[[ Data records open ]]

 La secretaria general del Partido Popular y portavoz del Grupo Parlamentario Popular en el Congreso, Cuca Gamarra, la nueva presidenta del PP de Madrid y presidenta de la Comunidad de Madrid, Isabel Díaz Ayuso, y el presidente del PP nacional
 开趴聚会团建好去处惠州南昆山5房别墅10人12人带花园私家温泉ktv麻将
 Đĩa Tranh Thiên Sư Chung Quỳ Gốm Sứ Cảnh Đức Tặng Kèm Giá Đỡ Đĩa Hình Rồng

[[ Data records closed ]]
[[ Data records open ]]

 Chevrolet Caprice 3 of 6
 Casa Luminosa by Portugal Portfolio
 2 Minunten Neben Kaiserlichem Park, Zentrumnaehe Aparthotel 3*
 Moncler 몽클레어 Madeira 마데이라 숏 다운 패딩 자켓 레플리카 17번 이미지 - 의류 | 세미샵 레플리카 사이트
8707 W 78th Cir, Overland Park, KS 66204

[[ Data records closed ]]

**What the task requires**
Scan the material above for the word "Park", and copy each line where it appears.

**Output of the task**
 2 Minunten Neben Kaiserlichem Park, Zentrumnaehe Aparthotel 3*
8707 W 78th Cir, Overland Park, KS 66204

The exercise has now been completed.